(Scraped caption text data)
- Opening Delimiter -
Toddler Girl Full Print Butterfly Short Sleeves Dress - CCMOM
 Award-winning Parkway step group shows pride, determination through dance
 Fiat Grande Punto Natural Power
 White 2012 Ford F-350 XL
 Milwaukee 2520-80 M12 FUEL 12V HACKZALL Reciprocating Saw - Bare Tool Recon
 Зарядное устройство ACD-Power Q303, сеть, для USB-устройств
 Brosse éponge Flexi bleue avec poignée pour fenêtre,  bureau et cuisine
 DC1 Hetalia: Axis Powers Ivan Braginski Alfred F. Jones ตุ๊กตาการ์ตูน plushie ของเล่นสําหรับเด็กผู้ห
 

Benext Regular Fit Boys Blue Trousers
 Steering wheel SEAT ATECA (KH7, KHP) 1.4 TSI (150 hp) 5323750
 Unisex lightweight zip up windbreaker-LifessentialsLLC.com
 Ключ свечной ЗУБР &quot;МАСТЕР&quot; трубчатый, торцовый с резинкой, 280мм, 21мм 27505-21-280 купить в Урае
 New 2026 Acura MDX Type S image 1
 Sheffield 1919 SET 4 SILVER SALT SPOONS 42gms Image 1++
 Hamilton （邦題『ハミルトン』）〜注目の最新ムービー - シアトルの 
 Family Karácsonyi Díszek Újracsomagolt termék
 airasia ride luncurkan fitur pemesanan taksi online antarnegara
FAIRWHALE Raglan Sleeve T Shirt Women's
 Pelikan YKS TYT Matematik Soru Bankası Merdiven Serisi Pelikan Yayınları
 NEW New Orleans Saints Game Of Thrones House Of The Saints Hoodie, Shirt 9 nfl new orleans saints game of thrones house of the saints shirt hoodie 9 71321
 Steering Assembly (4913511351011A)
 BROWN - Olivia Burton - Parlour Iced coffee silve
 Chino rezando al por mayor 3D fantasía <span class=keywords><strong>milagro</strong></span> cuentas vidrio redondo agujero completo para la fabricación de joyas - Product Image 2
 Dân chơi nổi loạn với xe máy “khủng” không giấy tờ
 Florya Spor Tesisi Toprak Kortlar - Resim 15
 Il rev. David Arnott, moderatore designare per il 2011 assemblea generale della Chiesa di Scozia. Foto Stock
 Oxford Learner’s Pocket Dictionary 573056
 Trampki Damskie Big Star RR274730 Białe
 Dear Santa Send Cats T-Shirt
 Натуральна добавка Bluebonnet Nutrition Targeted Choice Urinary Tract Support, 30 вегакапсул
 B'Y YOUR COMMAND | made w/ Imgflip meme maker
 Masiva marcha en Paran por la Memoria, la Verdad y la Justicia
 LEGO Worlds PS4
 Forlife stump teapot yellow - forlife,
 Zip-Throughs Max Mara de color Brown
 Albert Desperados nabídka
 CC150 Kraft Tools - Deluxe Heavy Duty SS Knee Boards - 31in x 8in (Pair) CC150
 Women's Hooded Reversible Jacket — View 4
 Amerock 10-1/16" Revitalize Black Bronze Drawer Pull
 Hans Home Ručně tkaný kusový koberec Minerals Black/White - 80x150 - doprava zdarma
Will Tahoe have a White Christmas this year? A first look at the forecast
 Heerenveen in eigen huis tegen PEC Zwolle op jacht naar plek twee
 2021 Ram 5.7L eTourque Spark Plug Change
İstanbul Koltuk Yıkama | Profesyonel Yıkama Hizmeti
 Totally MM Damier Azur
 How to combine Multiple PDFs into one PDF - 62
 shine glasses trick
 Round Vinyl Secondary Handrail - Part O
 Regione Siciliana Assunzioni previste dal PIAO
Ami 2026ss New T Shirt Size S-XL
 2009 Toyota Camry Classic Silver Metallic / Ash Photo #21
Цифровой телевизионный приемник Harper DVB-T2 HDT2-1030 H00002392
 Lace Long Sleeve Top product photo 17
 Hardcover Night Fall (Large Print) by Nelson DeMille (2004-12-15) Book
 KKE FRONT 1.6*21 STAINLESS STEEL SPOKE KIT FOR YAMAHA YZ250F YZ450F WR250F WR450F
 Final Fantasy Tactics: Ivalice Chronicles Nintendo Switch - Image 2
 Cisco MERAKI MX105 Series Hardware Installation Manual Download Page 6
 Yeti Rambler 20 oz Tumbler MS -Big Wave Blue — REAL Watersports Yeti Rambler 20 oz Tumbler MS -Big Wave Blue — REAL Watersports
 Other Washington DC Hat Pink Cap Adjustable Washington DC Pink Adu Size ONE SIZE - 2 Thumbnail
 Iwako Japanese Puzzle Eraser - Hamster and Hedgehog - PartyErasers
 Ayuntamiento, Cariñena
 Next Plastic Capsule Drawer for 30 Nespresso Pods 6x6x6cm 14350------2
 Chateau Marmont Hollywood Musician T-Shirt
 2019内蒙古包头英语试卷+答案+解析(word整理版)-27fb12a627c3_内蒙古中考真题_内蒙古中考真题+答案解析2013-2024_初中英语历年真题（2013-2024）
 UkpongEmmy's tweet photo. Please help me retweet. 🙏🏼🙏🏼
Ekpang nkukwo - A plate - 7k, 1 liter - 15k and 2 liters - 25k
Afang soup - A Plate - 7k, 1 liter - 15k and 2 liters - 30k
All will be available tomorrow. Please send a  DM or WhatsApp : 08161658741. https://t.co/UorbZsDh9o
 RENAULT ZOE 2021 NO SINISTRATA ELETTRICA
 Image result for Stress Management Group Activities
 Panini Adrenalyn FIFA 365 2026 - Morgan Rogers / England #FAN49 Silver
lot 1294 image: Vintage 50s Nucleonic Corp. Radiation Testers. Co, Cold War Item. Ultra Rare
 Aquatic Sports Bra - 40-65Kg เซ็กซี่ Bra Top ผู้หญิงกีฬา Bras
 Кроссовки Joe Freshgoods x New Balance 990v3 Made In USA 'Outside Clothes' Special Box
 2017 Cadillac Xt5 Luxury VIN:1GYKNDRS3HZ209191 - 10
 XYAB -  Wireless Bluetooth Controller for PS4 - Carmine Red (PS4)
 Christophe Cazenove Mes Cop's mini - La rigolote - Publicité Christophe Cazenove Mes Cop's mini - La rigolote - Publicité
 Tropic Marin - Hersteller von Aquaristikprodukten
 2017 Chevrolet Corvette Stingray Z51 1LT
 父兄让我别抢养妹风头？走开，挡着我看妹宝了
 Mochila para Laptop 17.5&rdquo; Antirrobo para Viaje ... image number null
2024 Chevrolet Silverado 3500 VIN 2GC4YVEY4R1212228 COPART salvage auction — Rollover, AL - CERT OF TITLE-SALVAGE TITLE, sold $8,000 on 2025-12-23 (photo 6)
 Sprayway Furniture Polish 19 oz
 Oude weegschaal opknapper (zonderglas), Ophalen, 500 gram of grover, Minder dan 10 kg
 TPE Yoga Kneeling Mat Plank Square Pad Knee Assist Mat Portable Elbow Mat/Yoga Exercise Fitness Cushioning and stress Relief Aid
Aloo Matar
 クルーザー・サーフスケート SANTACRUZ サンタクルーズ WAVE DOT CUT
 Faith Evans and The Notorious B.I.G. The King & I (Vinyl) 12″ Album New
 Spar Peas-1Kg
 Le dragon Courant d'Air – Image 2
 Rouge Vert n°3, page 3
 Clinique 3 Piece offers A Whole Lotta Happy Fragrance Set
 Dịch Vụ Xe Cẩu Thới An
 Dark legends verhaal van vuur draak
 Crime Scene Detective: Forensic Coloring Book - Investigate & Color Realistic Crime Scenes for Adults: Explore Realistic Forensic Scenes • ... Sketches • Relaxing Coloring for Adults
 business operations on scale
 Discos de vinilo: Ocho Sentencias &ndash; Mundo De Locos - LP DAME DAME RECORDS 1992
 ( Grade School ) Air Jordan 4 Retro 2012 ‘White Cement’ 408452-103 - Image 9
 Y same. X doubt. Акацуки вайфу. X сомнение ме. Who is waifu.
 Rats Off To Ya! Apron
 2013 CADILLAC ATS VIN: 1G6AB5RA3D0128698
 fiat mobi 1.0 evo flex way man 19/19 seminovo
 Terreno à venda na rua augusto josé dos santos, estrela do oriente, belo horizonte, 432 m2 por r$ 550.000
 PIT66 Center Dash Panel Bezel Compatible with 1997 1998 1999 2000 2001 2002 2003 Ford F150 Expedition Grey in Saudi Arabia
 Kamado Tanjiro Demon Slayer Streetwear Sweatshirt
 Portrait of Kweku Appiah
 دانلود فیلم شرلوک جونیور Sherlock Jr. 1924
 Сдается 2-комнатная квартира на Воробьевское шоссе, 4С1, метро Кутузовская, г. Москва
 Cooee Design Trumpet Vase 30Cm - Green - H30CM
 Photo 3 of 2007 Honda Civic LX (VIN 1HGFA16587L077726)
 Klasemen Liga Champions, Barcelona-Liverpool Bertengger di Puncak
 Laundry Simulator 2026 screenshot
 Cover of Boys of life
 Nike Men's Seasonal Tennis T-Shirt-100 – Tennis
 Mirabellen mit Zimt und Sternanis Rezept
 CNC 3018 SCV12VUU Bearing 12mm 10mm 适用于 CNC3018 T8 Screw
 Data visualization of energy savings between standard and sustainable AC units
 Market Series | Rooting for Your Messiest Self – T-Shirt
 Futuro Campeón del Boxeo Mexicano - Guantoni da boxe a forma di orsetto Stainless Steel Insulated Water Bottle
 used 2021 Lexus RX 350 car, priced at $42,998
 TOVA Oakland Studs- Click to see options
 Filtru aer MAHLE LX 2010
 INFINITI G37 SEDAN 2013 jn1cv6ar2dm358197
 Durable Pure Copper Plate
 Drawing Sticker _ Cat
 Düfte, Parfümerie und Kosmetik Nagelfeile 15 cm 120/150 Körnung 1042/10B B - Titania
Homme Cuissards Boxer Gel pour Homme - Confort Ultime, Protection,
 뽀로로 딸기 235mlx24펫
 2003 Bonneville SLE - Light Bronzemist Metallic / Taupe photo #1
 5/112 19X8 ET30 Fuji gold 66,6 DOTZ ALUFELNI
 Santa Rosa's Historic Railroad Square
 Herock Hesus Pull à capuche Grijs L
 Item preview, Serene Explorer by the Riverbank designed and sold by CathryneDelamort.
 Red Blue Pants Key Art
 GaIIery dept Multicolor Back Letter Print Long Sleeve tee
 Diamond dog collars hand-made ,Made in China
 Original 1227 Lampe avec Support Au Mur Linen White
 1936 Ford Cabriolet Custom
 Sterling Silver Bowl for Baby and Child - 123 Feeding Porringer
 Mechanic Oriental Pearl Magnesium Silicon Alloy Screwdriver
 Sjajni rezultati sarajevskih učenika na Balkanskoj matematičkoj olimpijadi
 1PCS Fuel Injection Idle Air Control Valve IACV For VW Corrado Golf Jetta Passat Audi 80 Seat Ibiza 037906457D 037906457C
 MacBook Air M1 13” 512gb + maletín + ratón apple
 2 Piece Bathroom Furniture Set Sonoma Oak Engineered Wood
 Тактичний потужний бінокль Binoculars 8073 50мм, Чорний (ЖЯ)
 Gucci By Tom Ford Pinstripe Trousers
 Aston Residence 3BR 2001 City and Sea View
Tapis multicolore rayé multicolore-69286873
- Closing Delimiter -
- _WHAT YOU ARE ASKED TO DO_
Return the entries exactly through the "Dear Santa Send Cats T-Shirt" line.

- _SOLVED PROBLEM_
Toddler Girl Full Print Butterfly Short Sleeves Dress - CCMOM
 Award-winning Parkway step group shows pride, determination through dance
 Fiat Grande Punto Natural Power
 White 2012 Ford F-350 XL
 Milwaukee 2520-80 M12 FUEL 12V HACKZALL Reciprocating Saw - Bare Tool Recon
 Зарядное устройство ACD-Power Q303, сеть, для USB-устройств
 Brosse éponge Flexi bleue avec poignée pour fenêtre,  bureau et cuisine
 DC1 Hetalia: Axis Powers Ivan Braginski Alfred F. Jones ตุ๊กตาการ์ตูน plushie ของเล่นสําหรับเด็กผู้ห
 

Benext Regular Fit Boys Blue Trousers
 Steering wheel SEAT ATECA (KH7, KHP) 1.4 TSI (150 hp) 5323750
 Unisex lightweight zip up windbreaker-LifessentialsLLC.com
 Ключ свечной ЗУБР &quot;МАСТЕР&quot; трубчатый, торцовый с резинкой, 280мм, 21мм 27505-21-280 купить в Урае
 New 2026 Acura MDX Type S image 1
 Sheffield 1919 SET 4 SILVER SALT SPOONS 42gms Image 1++
 Hamilton （邦題『ハミルトン』）〜注目の最新ムービー - シアトルの 
 Family Karácsonyi Díszek Újracsomagolt termék
 airasia ride luncurkan fitur pemesanan taksi online antarnegara
FAIRWHALE Raglan Sleeve T Shirt Women's
 Pelikan YKS TYT Matematik Soru Bankası Merdiven Serisi Pelikan Yayınları
 NEW New Orleans Saints Game Of Thrones House Of The Saints Hoodie, Shirt 9 nfl new orleans saints game of thrones house of the saints shirt hoodie 9 71321
 Steering Assembly (4913511351011A)
 BROWN - Olivia Burton - Parlour Iced coffee silve
 Chino rezando al por mayor 3D fantasía <span class=keywords><strong>milagro</strong></span> cuentas vidrio redondo agujero completo para la fabricación de joyas - Product Image 2
 Dân chơi nổi loạn với xe máy “khủng” không giấy tờ
 Florya Spor Tesisi Toprak Kortlar - Resim 15
 Il rev. David Arnott, moderatore designare per il 2011 assemblea generale della Chiesa di Scozia. Foto Stock
 Oxford Learner’s Pocket Dictionary 573056
 Trampki Damskie Big Star RR274730 Białe
 Dear Santa Send Cats T-Shirt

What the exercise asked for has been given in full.